I’m advising a young company mulling different acquisition offers.
The company has been courted a few times over the last two years—only now the proposals are sizeable enough to be interesting.
The company sits at the center of its ecosystem. All the main players in the sector feed their data into its platform, which uses the data to build a continuously deeper, smarter repository with extensive benefits for everyone involved. As time progresses, more and more data is fed into the system, it gets smarter, and the company becomes increasingly entrenched as an essential partner.
I just helped another young company raise seed funding—it occupies a similar spot in its own ecosystem. The social commerce platform helps large players boost user-generated content about their brands.

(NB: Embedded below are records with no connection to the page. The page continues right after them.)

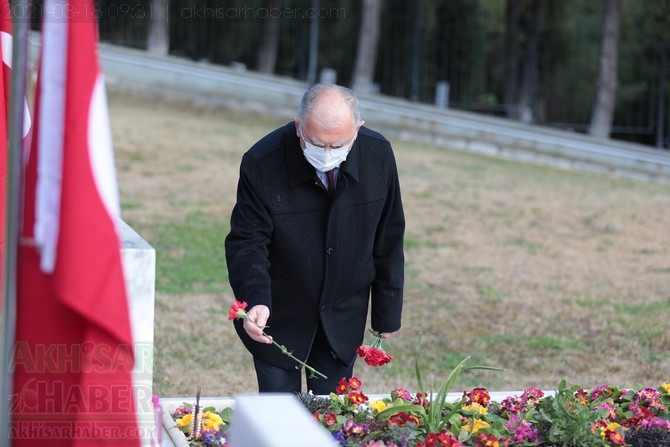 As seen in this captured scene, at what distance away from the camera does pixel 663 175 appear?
1689 centimetres

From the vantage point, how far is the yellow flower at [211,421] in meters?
4.07

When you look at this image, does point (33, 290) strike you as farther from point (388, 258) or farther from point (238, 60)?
point (238, 60)

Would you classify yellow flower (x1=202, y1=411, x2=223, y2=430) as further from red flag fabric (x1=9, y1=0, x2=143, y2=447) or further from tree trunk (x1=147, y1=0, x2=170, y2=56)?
tree trunk (x1=147, y1=0, x2=170, y2=56)

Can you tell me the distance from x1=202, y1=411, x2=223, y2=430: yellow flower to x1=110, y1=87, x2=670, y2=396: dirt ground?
0.94 m

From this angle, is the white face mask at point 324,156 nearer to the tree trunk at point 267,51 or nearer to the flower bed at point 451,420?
the flower bed at point 451,420

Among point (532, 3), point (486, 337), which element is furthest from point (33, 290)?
point (532, 3)

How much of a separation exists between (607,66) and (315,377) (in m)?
16.3

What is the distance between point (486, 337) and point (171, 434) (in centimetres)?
414

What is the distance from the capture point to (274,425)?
2.30 m

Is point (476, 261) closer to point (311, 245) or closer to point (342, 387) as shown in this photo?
point (342, 387)

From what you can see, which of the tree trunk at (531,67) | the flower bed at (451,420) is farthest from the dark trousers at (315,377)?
the tree trunk at (531,67)

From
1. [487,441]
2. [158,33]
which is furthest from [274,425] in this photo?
[158,33]

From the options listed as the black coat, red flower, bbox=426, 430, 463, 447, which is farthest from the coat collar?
red flower, bbox=426, 430, 463, 447

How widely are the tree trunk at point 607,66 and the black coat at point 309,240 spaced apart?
16.2 m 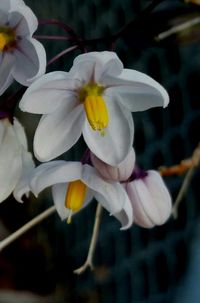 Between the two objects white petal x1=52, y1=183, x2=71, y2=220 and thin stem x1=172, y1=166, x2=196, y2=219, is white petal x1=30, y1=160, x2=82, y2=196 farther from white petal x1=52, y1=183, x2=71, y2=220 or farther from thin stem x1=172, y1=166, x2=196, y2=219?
thin stem x1=172, y1=166, x2=196, y2=219

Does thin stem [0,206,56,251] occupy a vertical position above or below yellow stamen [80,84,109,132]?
below

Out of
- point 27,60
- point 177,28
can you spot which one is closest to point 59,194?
point 27,60

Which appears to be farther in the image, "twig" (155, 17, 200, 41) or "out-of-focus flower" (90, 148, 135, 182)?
"twig" (155, 17, 200, 41)

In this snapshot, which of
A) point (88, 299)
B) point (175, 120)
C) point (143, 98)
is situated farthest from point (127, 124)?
point (88, 299)

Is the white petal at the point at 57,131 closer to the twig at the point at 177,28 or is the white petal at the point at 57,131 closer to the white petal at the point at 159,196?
the white petal at the point at 159,196

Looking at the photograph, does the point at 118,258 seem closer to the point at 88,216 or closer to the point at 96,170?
the point at 88,216

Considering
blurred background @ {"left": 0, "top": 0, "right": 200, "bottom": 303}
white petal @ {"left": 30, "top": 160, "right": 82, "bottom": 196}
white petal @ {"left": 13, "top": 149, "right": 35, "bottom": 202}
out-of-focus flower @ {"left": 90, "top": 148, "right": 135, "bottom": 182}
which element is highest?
out-of-focus flower @ {"left": 90, "top": 148, "right": 135, "bottom": 182}

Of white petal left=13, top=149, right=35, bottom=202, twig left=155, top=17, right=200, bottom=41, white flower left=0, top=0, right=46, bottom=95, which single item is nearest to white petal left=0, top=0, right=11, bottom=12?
white flower left=0, top=0, right=46, bottom=95
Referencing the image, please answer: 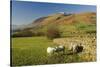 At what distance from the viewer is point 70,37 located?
2.07 m

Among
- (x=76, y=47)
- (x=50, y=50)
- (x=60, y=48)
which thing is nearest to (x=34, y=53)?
(x=50, y=50)


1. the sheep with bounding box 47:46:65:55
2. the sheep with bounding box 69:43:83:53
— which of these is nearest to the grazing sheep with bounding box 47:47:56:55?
the sheep with bounding box 47:46:65:55

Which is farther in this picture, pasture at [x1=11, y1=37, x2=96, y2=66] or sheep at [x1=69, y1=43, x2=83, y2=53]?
sheep at [x1=69, y1=43, x2=83, y2=53]

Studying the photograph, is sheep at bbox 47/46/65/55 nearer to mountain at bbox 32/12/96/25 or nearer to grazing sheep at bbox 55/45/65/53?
grazing sheep at bbox 55/45/65/53

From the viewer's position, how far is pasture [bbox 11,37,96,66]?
6.25 ft

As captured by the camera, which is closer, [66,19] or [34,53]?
[34,53]

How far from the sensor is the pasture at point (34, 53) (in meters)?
1.91

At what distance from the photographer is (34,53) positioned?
1.96 metres

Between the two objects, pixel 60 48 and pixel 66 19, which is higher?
pixel 66 19

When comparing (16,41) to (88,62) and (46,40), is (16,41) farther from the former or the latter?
(88,62)

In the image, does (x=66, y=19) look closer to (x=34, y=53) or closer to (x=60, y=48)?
(x=60, y=48)

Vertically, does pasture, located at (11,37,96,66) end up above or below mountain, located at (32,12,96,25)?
below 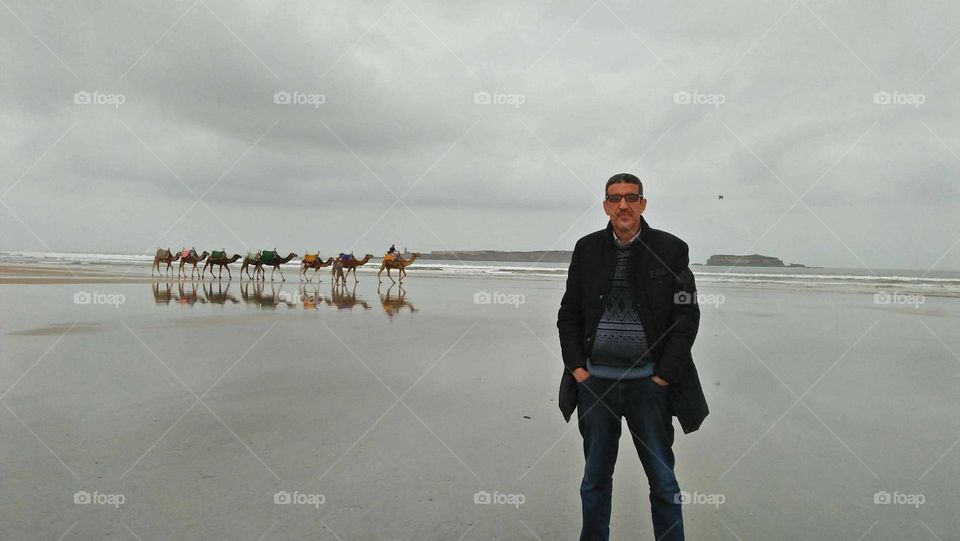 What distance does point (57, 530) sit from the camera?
275cm

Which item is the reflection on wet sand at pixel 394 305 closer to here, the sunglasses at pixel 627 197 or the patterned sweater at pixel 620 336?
the patterned sweater at pixel 620 336

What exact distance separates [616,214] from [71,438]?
4230 mm

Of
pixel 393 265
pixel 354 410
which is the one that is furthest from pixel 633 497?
pixel 393 265

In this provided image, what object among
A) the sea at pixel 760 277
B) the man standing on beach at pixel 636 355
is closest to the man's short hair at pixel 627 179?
the man standing on beach at pixel 636 355

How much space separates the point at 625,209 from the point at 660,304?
1.68 feet

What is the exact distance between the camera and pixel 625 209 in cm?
275

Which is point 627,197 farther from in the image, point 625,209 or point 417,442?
point 417,442

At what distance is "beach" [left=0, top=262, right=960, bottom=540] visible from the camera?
296 centimetres

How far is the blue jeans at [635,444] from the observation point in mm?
2674

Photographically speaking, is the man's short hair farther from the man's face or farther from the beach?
the beach

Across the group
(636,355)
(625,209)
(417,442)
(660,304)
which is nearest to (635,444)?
(636,355)

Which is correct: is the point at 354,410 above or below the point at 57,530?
above

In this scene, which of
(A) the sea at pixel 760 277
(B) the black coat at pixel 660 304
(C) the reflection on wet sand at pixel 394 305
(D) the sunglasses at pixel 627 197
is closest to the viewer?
(B) the black coat at pixel 660 304

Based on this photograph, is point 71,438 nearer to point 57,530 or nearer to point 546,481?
point 57,530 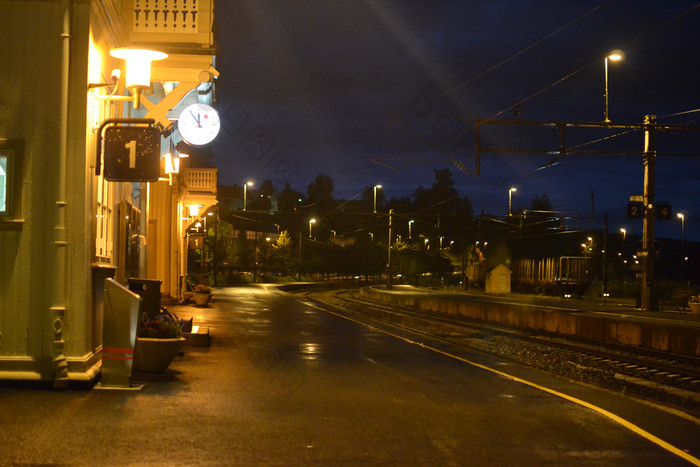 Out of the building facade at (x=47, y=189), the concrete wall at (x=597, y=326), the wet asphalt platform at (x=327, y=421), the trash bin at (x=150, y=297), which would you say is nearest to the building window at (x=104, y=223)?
the trash bin at (x=150, y=297)

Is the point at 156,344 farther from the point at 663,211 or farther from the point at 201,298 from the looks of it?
the point at 663,211

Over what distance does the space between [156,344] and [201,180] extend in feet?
74.9

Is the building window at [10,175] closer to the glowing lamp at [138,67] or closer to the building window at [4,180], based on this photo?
the building window at [4,180]

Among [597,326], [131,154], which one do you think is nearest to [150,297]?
[131,154]

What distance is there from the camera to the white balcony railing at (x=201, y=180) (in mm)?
31703

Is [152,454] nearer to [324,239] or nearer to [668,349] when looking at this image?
[668,349]

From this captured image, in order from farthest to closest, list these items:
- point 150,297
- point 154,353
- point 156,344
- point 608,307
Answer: point 608,307 → point 150,297 → point 154,353 → point 156,344

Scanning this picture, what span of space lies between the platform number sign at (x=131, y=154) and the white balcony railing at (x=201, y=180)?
22.7 meters

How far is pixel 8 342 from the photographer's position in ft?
27.5

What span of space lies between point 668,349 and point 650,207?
15350mm

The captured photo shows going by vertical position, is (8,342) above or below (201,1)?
below

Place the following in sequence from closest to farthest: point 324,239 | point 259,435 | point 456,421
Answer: point 259,435, point 456,421, point 324,239

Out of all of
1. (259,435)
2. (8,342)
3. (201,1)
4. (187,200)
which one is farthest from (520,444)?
(187,200)

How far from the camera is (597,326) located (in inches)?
848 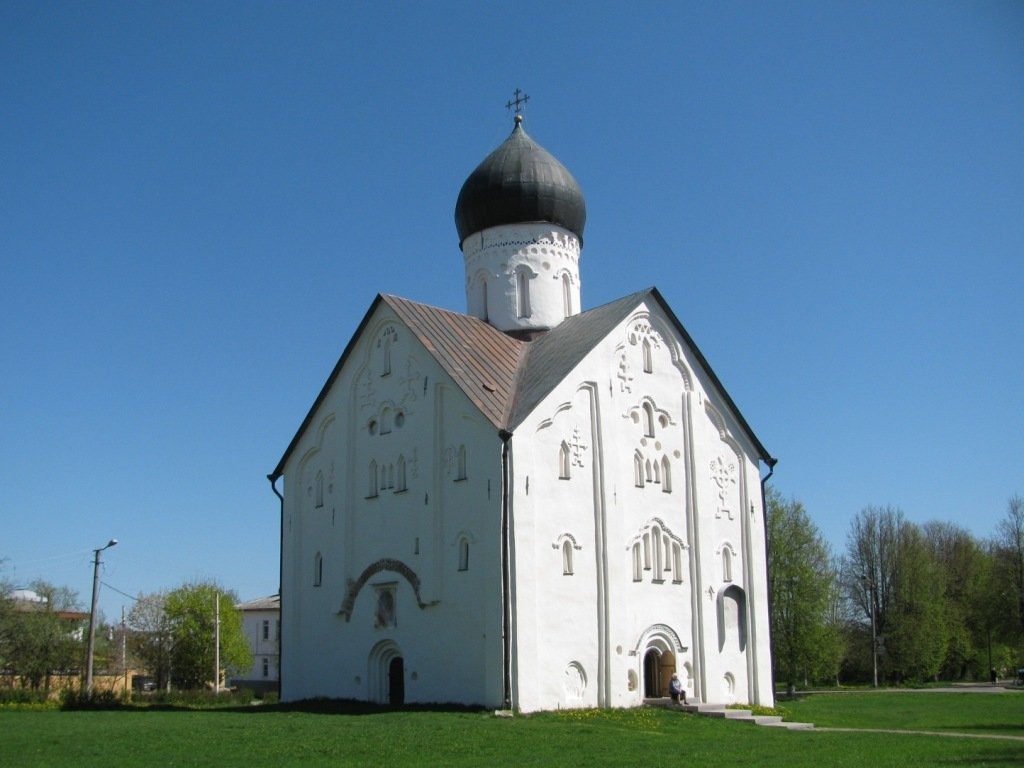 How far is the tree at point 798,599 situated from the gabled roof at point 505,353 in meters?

For example, there happens to be a trendy California-based hair salon chain that solely provides blowouts. Before I started working with the young company, one salon location had garnered 160 Yelp reviews over the course of seven years.
After working with the social commerce company, that same location managed to generate over 65 social reviews in just two weeks.
Ultimately, the young company connected a service provider with social media users who needed a direct line of sight to purchase their favorite Instagram-liked hairstyle. Does that make sense?
The secret sauce that drives both companies’ success is that they are independent, neutral hubs in their respective ecosystems. They’ve positioned themselves so that all information flows through them, thereby allowing them to build scale, improve their offering, and become an essential part of their landscape.
Independent Platforms Drive Self-Perpetuating Growth
The beauty of these independent models is that their growth is self-perpetuating. In the case of the social commerce brand, once one company in its sector leverages a solution, it immediately gets a leg up on its competition.
Let’s go back to the chain of hair salons we discussed in the last section. Their competitors will take note of the fact that they are allowing consumers to act on their Pinterest-generated intent.
As such, these same competitors will adopt the new solution as well. More and more companies from adjacent and complementary spaces will jump onboard.
This will help accelerate the young company’s growth. It will also facilitate the arms race in the sector.
For the young social commerce company, it’s a win-win. First, because it gains customers, partners, and revenues as the brand grows and the dollars start flowing. Second, because the more its platform expands, the more the company scales, and the better its offering gets.
Facebook was a decent offering when it covered a single university campus. That said, it changed the world when it starting taking over continents. Only when it reached that scale did Facebook manage to permeate people’s lives on a deeper level, and enjoy guaranteed adoption with new features, offerings, and monetization channels.
Know What’s Coming When You Give Up Your Independence
Young companies should ride the wave of independence for as long as they can. This will only benefit them as they amass more data, entrench themselves with partners, and grow in scope and scale.
Eventually, customers and partners will realize they can’t afford not to own you, and they will pay a hefty premium to get in on your offering.
In the case of the social commerce company, the organization makes itself essential to its ecosystem by giving each competitor a leg up. Competitors keep coming back, and will continue to do so as long as they’re in business.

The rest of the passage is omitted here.